--- Input Enclosed Below ---

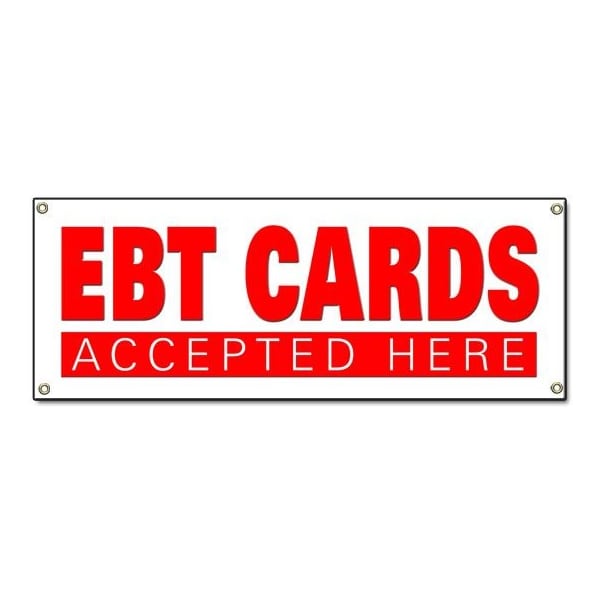 EBT CARDS BANNER SIGN accepted here Electronic Benefits Transfer signs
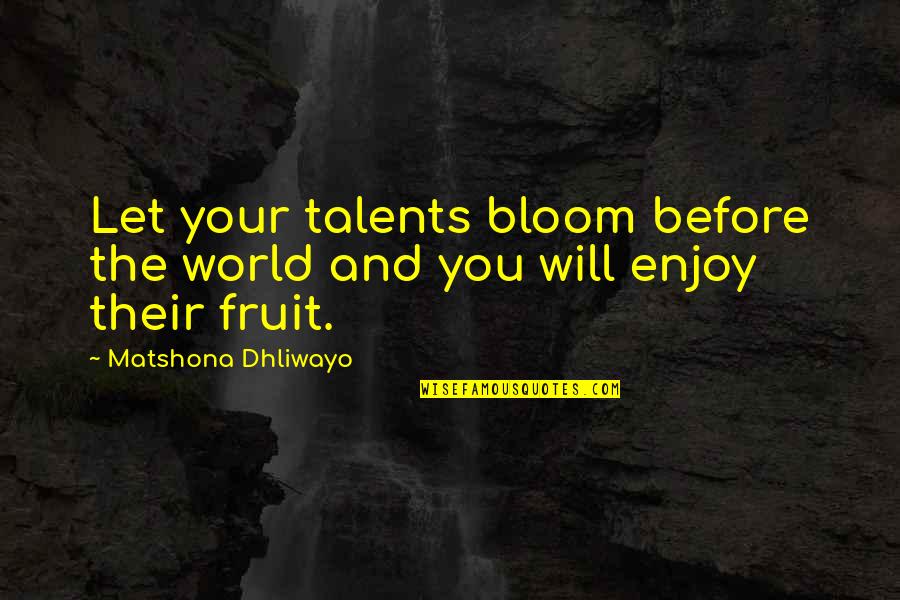 Talent Quotes And Quotes By Matshona Dhliwayo: Let your talents bloom before the world and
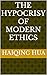 The Hypocrisy of Modern Ethics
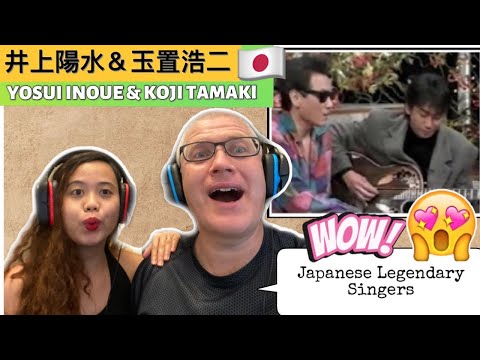 井上陽水＆玉置浩二(安全地帯), 夏の終わりのハーモニー | Yosui Inoue & Koji Tamaki | REACTION!❤️🇯🇵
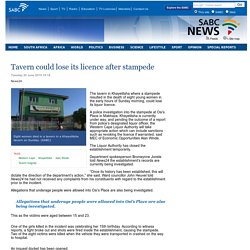 Tavern could lose its licence after stampede:Tuesday 30 June 2015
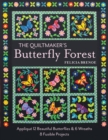 The Quiltmaker's Butterfly Forest : Applique 12 Beautiful Butterflies & Wreaths - 8 Fusible Projects - Book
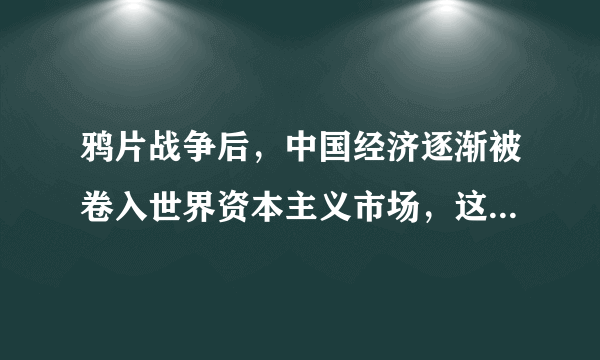 鸦片战争后，中国经济逐渐被卷入世界资本主义市场，这对中国的影响不包括    A．封建地主土地所有制瓦解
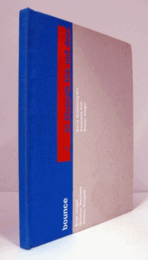 BOUNCE / IN THOROUGH THE OUT DOOR/バウンス展目録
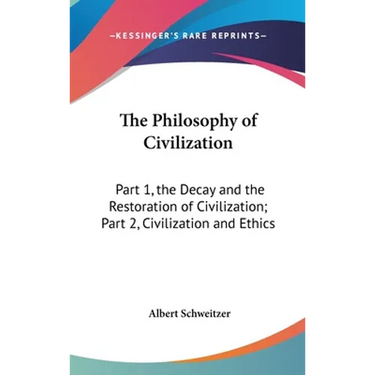 The Philosophy of Civilization: Part 1, the Decay and the Restoration of Civilization; Part 2, Civilization and Ethics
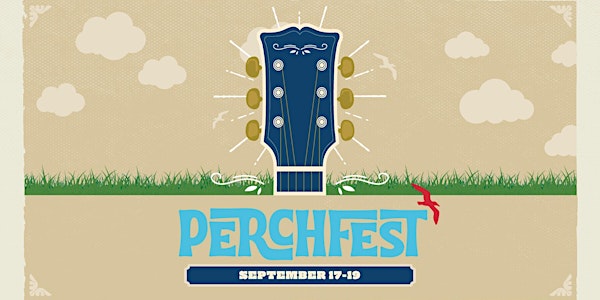 Perchfest: Grand Opening Weekend of The Perch
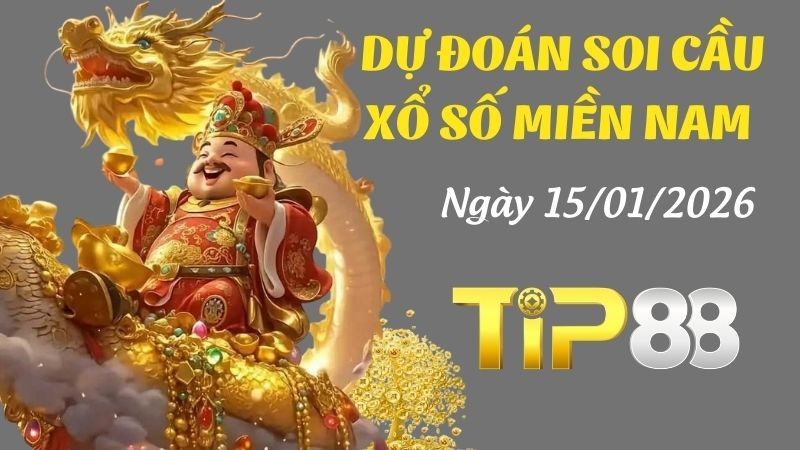 TIP88 Dự đoán xổ số miền Nam hôm nay ngày 15/01/2026 [Đánh Là Trúng]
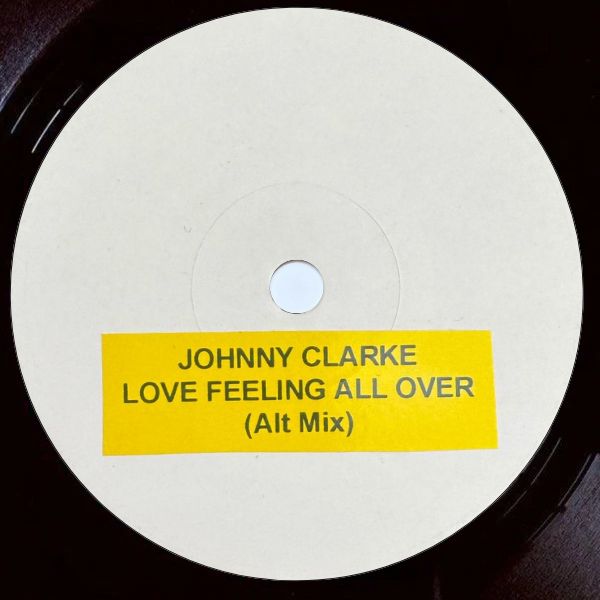 JOHNNY CLARKE - Love Feeling All Over (TEST PRESS)
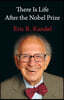 There Is Life After the Nobel Prize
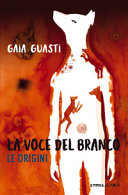 Copertina  La voce del branco : le origini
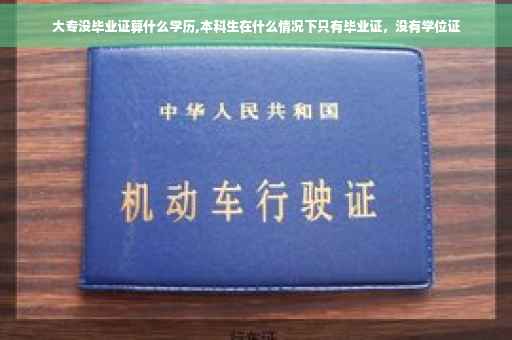大专没毕业证算什么学历,本科生在什么情况下只有毕业证，没有学位证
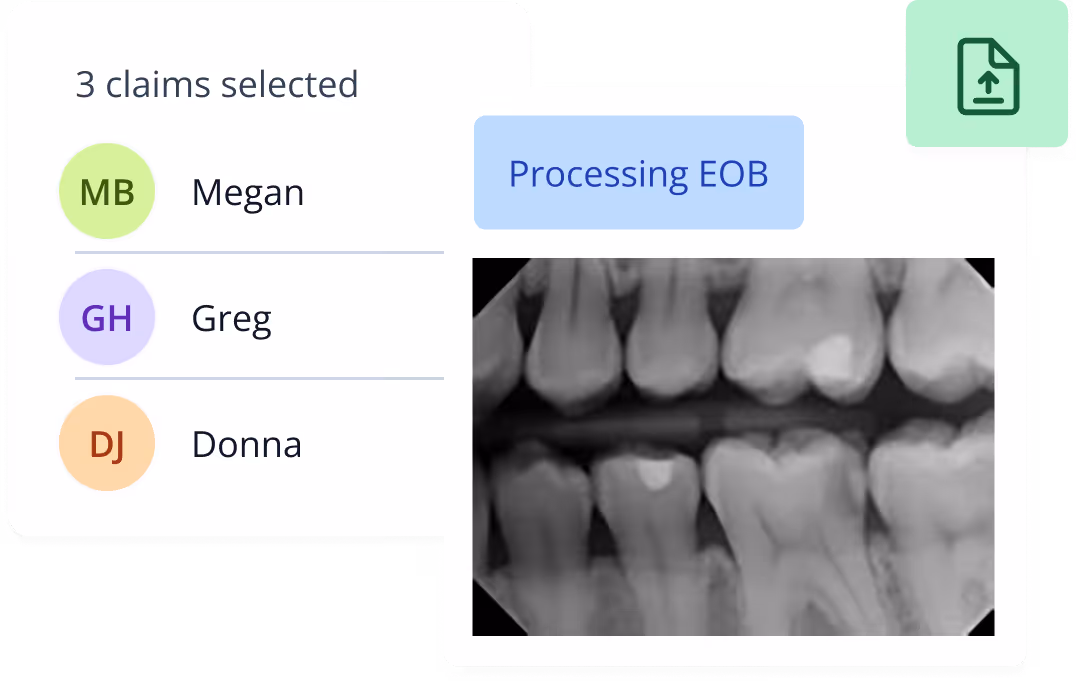 Interface showing 3 selected claims for Megan, Greg, and Donna, with a dental X-ray image labeled Processing EOB and an upload icon.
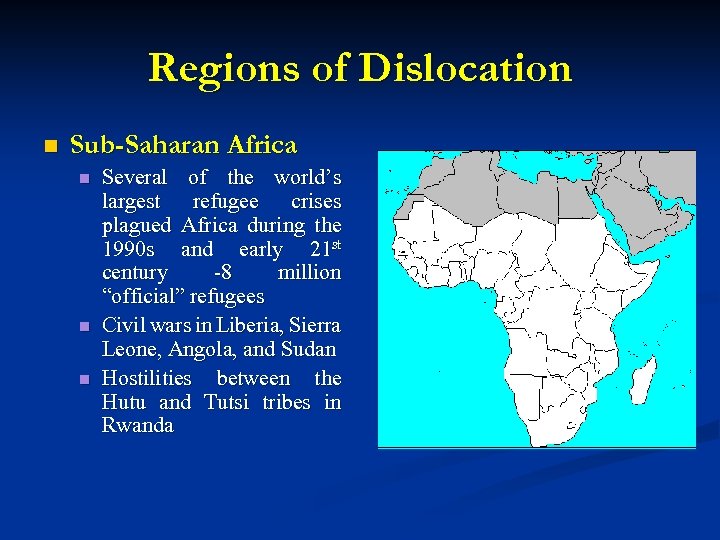 Regions of Dislocation n Sub-Saharan Africa n n n Several of the world’s largest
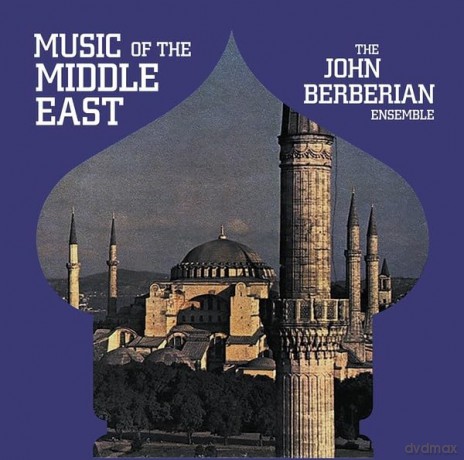 John Berberian Ensemble: Music Of The Middle East [Winyl]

--- End of Enclosed Input ---

**Your instructions**
In the copy, include every entry above exactly and leave out each picture.

**Output for this task**
 EBT CARDS BANNER SIGN accepted here Electronic Benefits Transfer signs
 Talent Quotes And Quotes By Matshona Dhliwayo: Let your talents bloom before the world and
 The Hypocrisy of Modern Ethics
 井上陽水＆玉置浩二(安全地帯), 夏の終わりのハーモニー | Yosui Inoue & Koji Tamaki | REACTION!❤️🇯🇵
 Tavern could lose its licence after stampede:Tuesday 30 June 2015
 The Quiltmaker's Butterfly Forest : Applique 12 Beautiful Butterflies & Wreaths - 8 Fusible Projects - Book
 鸦片战争后，中国经济逐渐被卷入世界资本主义市场，这对中国的影响不包括    A．封建地主土地所有制瓦解
 BOUNCE / IN THOROUGH THE OUT DOOR/バウンス展目録
 The Philosophy of Civilization: Part 1, the Decay and the Restoration of Civilization; Part 2, Civilization and Ethics
 Perchfest: Grand Opening Weekend of The Perch
 TIP88 Dự đoán xổ số miền Nam hôm nay ngày 15/01/2026 [Đánh Là Trúng]
 JOHNNY CLARKE - Love Feeling All Over (TEST PRESS)
 There Is Life After the Nobel Prize
 Copertina  La voce del branco : le origini
大专没毕业证算什么学历,本科生在什么情况下只有毕业证，没有学位证
 Interface showing 3 selected claims for Megan, Greg, and Donna, with a dental X-ray image labeled Processing EOB and an upload icon.
 Regions of Dislocation n Sub-Saharan Africa n n n Several of the world’s largest
 John Berberian Ensemble: Music Of The Middle East [Winyl]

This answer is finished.